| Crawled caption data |
────────────────
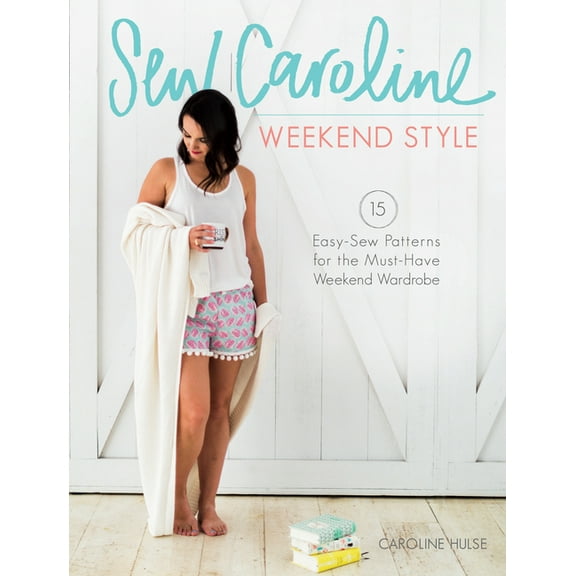 Sew Caroline Weekend Style : 15 Easy-Sew Patterns for the Must-Have Weekend Wardrobe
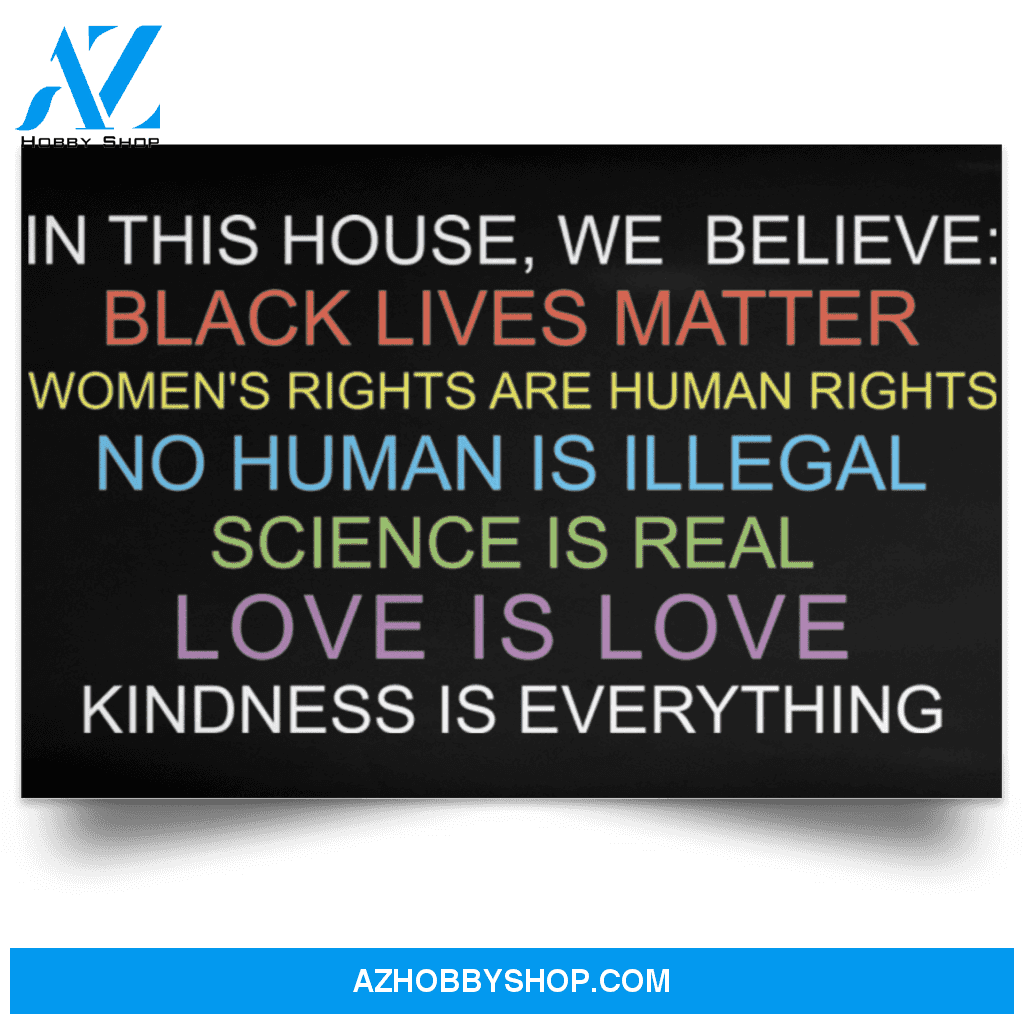 In This House We Believe Black Lives Matter Poster Canvas
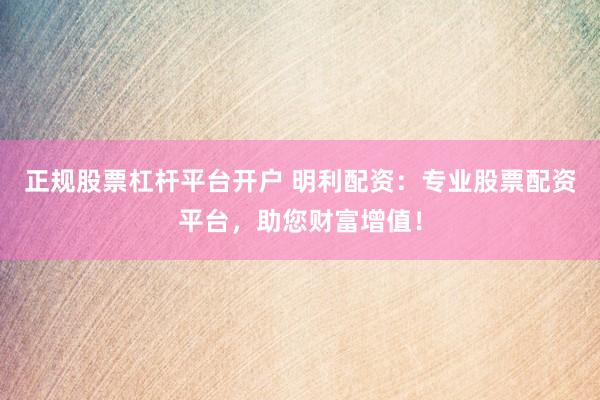 正规股票杠杆平台开户 明利配资:专业股票配资平台,助您财富增值!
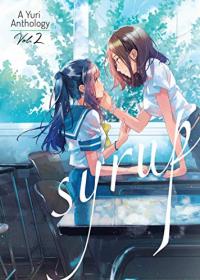 Cover for Syrup: A Yuri Anthology volume 2.0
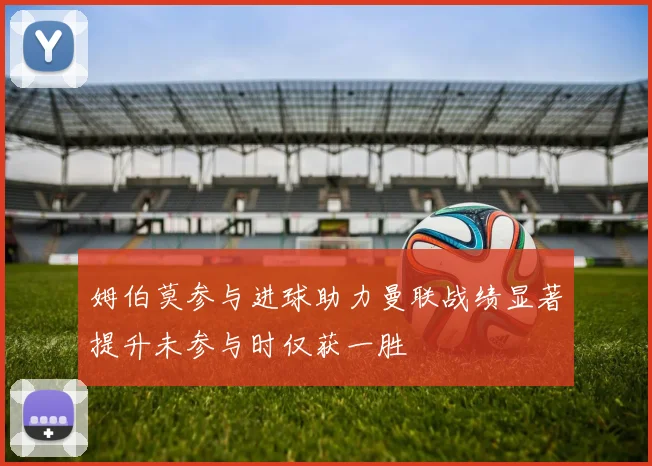 姆伯莫参与进球助力曼联战绩显著提升未参与时仅获一胜
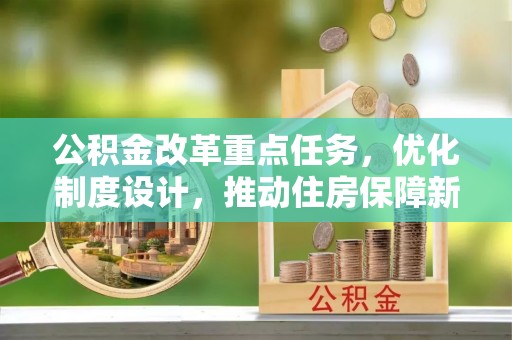 迁安市公积金改革重点任务，优化制度设计，推动住房保障新发展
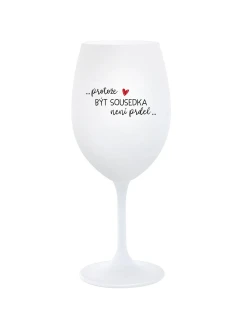 PROTOŽE BÝT SOUSEDKA NENÍ PRDEL - bílá  sklenice na víno 350 ml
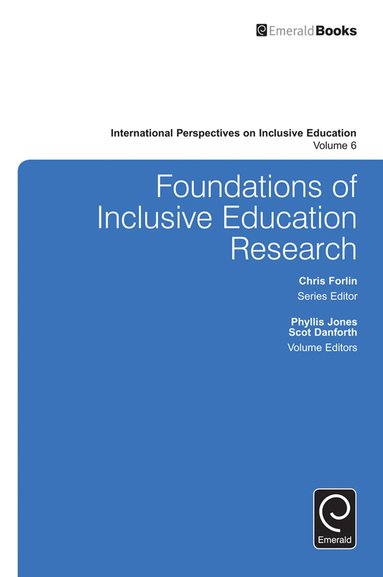 Phyllis Jones, Scot Danforth, Chris Forlin - Foundations of Inclusive Education Research, Inbunden
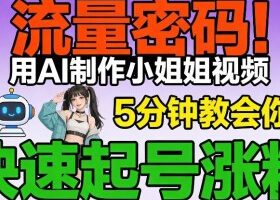流量密码！用AI制作小姐姐视频，5分钟教会你，快速起号涨粉（附教程）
────────────────
Your answer should be an exact copy of the entries above, with no images included.

| Answer for this exercise |
 Sew Caroline Weekend Style : 15 Easy-Sew Patterns for the Must-Have Weekend Wardrobe
 In This House We Believe Black Lives Matter Poster Canvas
 正规股票杠杆平台开户 明利配资:专业股票配资平台,助您财富增值!
 Cover for Syrup: A Yuri Anthology volume 2.0
 姆伯莫参与进球助力曼联战绩显著提升未参与时仅获一胜
 迁安市公积金改革重点任务，优化制度设计，推动住房保障新发展
 PROTOŽE BÝT SOUSEDKA NENÍ PRDEL - bílá  sklenice na víno 350 ml
 Phyllis Jones, Scot Danforth, Chris Forlin - Foundations of Inclusive Education Research, Inbunden
流量密码！用AI制作小姐姐视频，5分钟教会你，快速起号涨粉（附教程）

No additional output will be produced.